Weitere Panne?

Missbrauchsskandal Lügde: Polizei soll Schuppen übersehen haben

Bei Abrissarbeiten waren weitere Datenträger auf dem Campingplatz in Lügde gefunden worden

Die zum Teil abgerissenen Parzelle des mutmaßlichen Täters auf dem Campingplatz in Lügde. | © picture alliance/dpa

16.04.2019 | 16.04.2019, 13:28

Lügde (dpa). Nach dem erneuten Fund von Datenträgern bei Abrissarbeiten am mutmaßlichen Tatort des Missbrauchsfalls von Lügde ermittelt die Polizei zu den Hintergründen. Insgesamt handele es sich um 11 Videokassetten, eine CD und eine Mini-CD, über deren Fund der Abrissunternehmer die Polizei am Montag informiert habe, teilte die Polizei mit. Zuvor hatten die Süddeutsche Zeitung, NDR und WDR berichtet.

"Keine strafrechtlich relevanten Inhalte"

Nach einer ersten Durchsicht enthielten die Datenträger „keine strafrechtlich relevanten Inhalte, sondern Unterhaltungssendungen", teilte die Polizei mit. Die Herkunft war zunächst unklar. Ob Unbekannte die Datenträger in dem Container abgelegt hätten, sei Gegenstand von Ermittlungen. Dass die Datenträger aus der Behausung des Hauptverdächtigen Dauercampers stammten, schlossen die Ermittler aus.

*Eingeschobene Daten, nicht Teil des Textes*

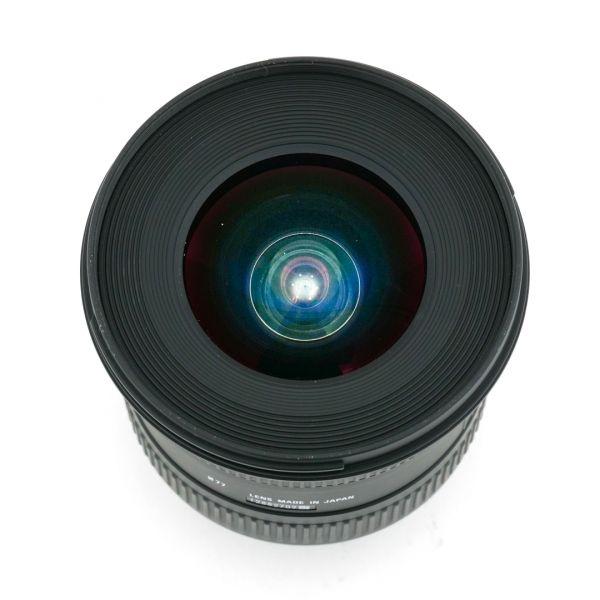 Sigma AF 10-20mm/4-5,6 EX, DC, OVP, für Nikon DX – Bild 3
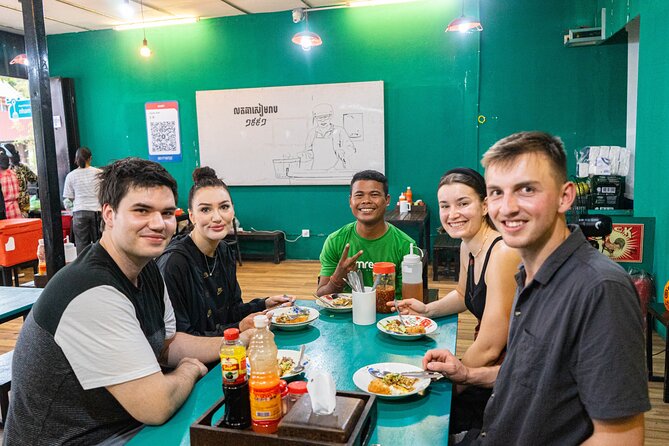 Phnom Penh Evening Food Tour - Inclusive Over 10 Local Tastings - Good To Know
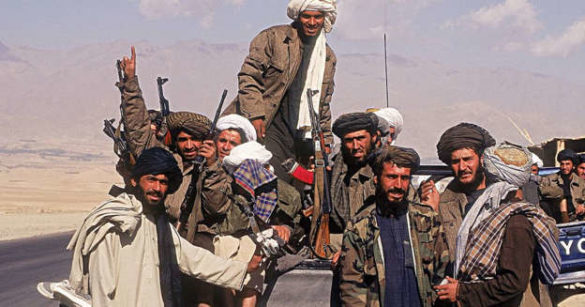 Facebook, TikTok won’t lift ban on posts that promote Taliban after the fall of Afghanistan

Auf dem Campingplatz in Lügde soll der 56-jährige Dauercamper mit einem Komplizen (33) über Jahre hinweg Kinder missbraucht und dabei gefilmt haben. Die beiden Verdächtigen sowie ein 48-Jähriger aus dem niedersächsischen Stade sitzen in Untersuchungshaft.

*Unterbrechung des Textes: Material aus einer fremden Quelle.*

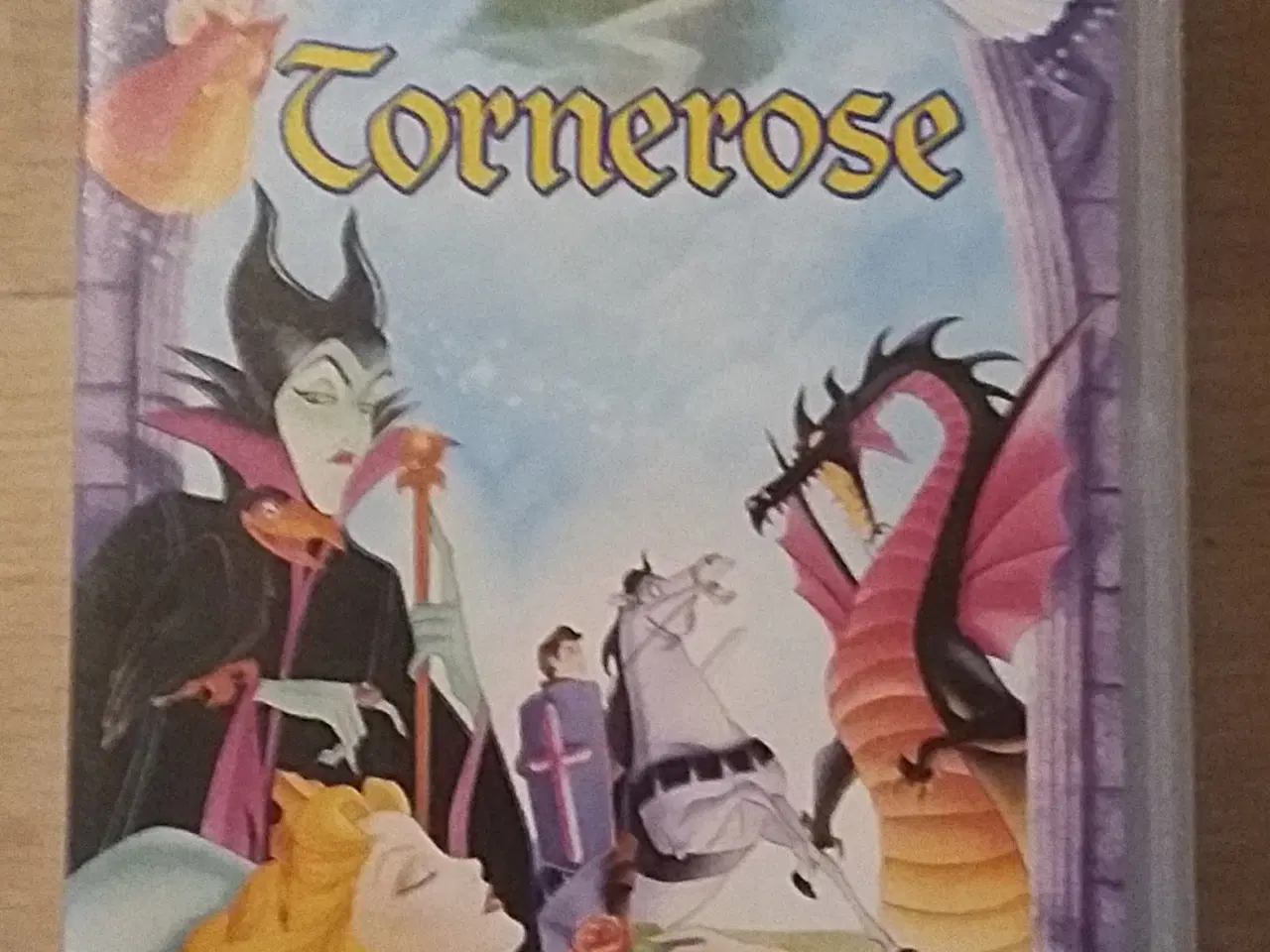 Billede 3 - TEGNEFILM, WALT DISNEY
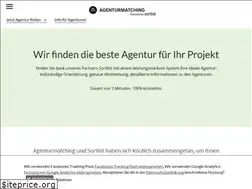 Sites similar to agenturmatching.ch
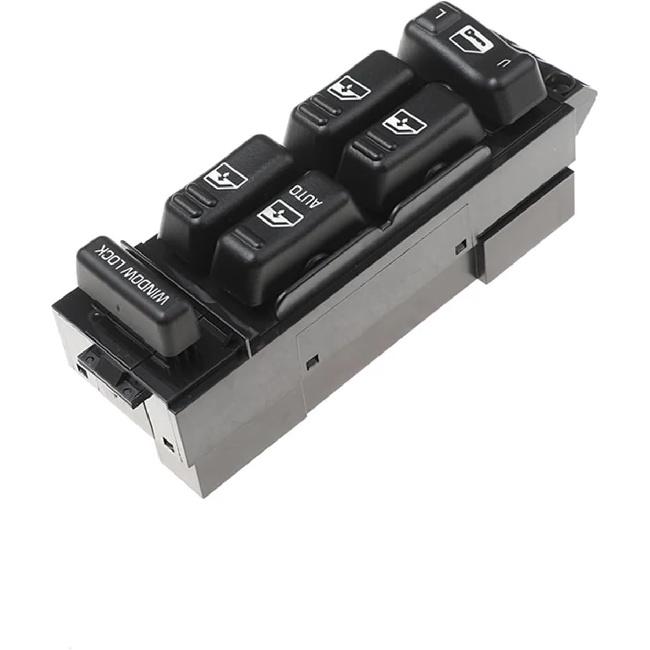 Mirror Control Switch for 1500 2500 3500 901-124 19259975 Power Mirror Switch 15720127 15045085(15045085)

Späte Durchsuchung eines Schuppens

Die Datenträger seien „obenauf in einem Container aufgefunden worden, in dem Abrissschutt von der Parzelle des Hauptbeschuldigten zur Entsorgung abgeladen worden war", hieß es. Zudem informierte die Polizei über einen Geräteschuppen „wenige Meter von der bekannten Parzelle des Hauptbeschuldigten entfernt", der bislang „nicht Gegenstand polizeilicher Ermittlungen" gewesen sei. Es hätten keine Erkenntnisse vorgelegen, „dass dieser Schuppen dem Hauptbeschuldigten zuzuordnen ist."

Ein eingerissener Teil der Parzelle des Hauptverdächtigen. - © Silke Burmester
Ein eingerissener Teil der Parzelle des Hauptverdächtigen. | © Silke Burmester

Dem Bericht von WDR, NDR und Süddeutscher Zeitung zufolge sagte der Campingplatzbertreiber jedoch, er habe der Polizei schon frühzeitig gesagt, dass der Schuppen Teil der Parzelle des Hauptverdächtigen sei. Die Reporter hätten am Montag bei der Polizei Bielefeld angefragt, ob der Schuppen durchsucht worden sei. Polizei und Staatsanwaltschaft hätten die Frage zunächst nicht beantwortet, am Montagabend jedoch mitgeteilt, den Schuppen durchsucht zu haben.

Erst vor wenigen Tagen hatten Arbeiter in einem Hohlraum im Holzboden des Wohnwagens des Hauptbeschuldigten 56-jährigen Dauercampers eine CD und zwei Disketten gefunden, die von der Ermittlern zuvor nicht entdeckt worden waren. Hinweise auf weitere Opfer hatten die Ermittler nach Angaben der Polizei Bielefeld vom Montag auf den Datenträgern nicht entdeckt. „Aufgrund von Beschädigungen lässt sich aktuell lediglich eine CD teilweise auslesen", hieß es in einer Mitteilung über diesen Fund.

Innenminister unter Druck

Nordrhein-Westfalens Innenminister Herbert Reul (CDU) steht wegen der pannenreichen Ermittlungen zunehmend unter Druck. Am Wochenende hatte der innenpolitische Sprecher der SPD im nordrhein-westfälischen Landtag, Hartmut Ganzke, den Rücktritt Reuls gefordert. Die innenpolitische Sprecherin der Grünen, Verena Schäffer, hatte erklärt: „Er hat die Aufklärung zu seinem Projekt gemacht - daran muss er sich messen lassen."